Unmasking Deep Fakes: Perception at stake

Unmasking Deep Fakes: Perception at stake

If you are a Tom Cruise fan, you must know Miles Fisher. The TikTok star, famous as ‘Tom Cruise Guy’. He mirrors the actor wholly with the help of deep fakes and creates funny content. Miles already had the mannerisms and body structure, all he required was the actor's facial features to become Tom Cruise, and he got it. It's an attestation to the power of AI-generated deep fakes in terms of their ability to create a person out of another person.

In the past few years, the use of Hyper-Realistic Deep forgeries (Deep fakes) has skyrocketed. Post 2020, a handful of directors made use of it extensively to translate their films into different languages and de-age veteran actors & actresses. Recently visual effects artists used De-ageing software on Harrison Ford to reduce his age to 40 years in the latest part of Indiana Jones.

But first, let’s learn how deep fakes are created; Leonardo da Vinci, to his Mona Lisa (deep fakes), is GANs. Generative Adversarial Networks are a computing process in which two AI, Generator and Discriminator, work in a cycle.

'Generator', as the name suggests, generates deep fake images. Collecting multiple photos of a person covering the full face. It produces an initial deep fake and then sends it to the ‘Discriminator’ (Detective), which detects errors in the image and sends it back to the generator. This cycle continues until the best deep fake is generated.

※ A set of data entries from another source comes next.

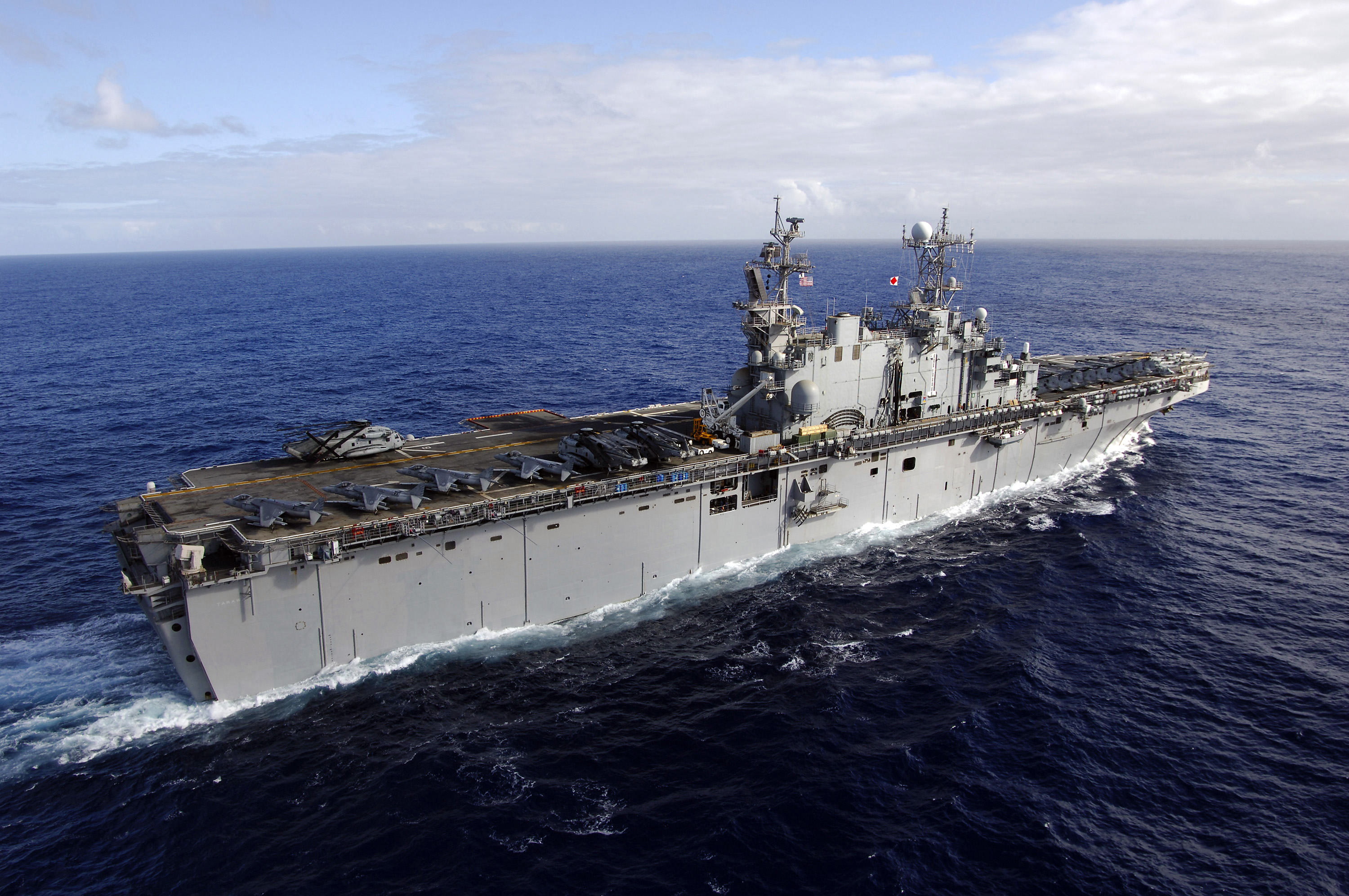 USS_Tarawa_LHA-1.jpg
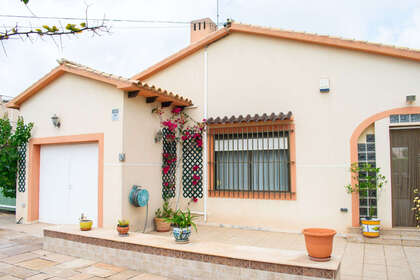Cluster house for sale in Orihuela-Costa, Alicante. 
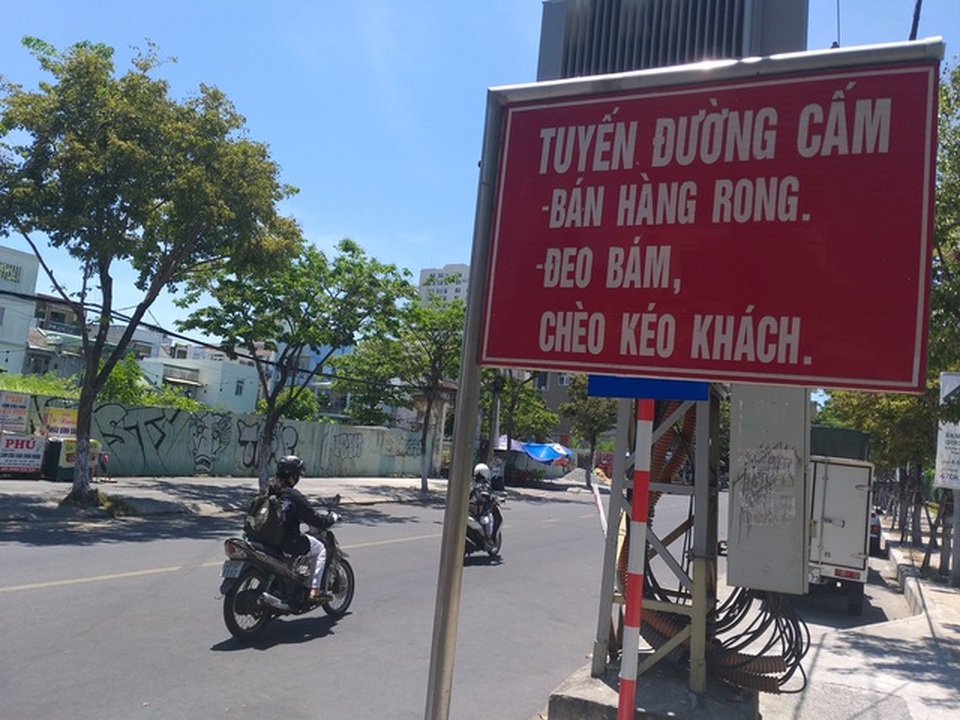 Đà Nẵng tăng cường kiểm tra, xử lý tình trạng xin ăn biến tướng dịp Tết - 1 Đà Nẵng tăng cường kiểm tra, xử lý tình trạng xin ăn biến tướng dịp Tết - 1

One thing to remember about deep fakes is you need many photos from different angles to create one. That’s why celebrities are the first ones to get attacked by it.

The tech is cool as far as innovation is concerned. It pushes the boundaries of imagination and stretches the horizon of the human intellect, but most people are using it to create chaos in the world. These monsters behind the masks want to create a colosseum on the web and ignite a fire, and deep fakes are their Molotov cocktails.

The face of America's richest man was recently used to promote a Bit-coin trading platform called 'BitVex'. Elon Musk was scammed! A look-alike of him was giving an interview about a trading platform, and his face got swapped, along with his voice, and boom, another copy of Mr. Musk was produced.

But this isn’t just limited to promoting something; according to Sensity, a company formed to detect deep fakes published a report in 2019 that 96% of deep fakes are used on women without consent, to create pornographic content.

The process goes like this - if a woman has multiple photos of herself on social media accounts, the deep fake software collects them and then puts them on the face of an adult film actress. And soon, it reaches everyone's phone gallery. Later, when the girl finds out, her world is brought to a standstill, and distress digs a deep hole into her unconsciousness. Often, suicidal thoughts penetrate and take the girl's life story into some undescribed location.

The only country which has taken some tangible action against the deep fakes is China. They call it 'deep synthesis technologies' and regulate the content by marking every deep fake content as 'modified'. Moreover, the European Union is also catching up. They're working on putting a label on the deep fake content.

The meat of all deepfake progress is; it made people more skeptical of online content, leading to increased awareness and critical thinking. However, there is a risk of genuine footage being mistaken as fake, which could have negative consequences. As this emerging technology is enhancing at every step, it's testing human intelligence to judge what is white & black.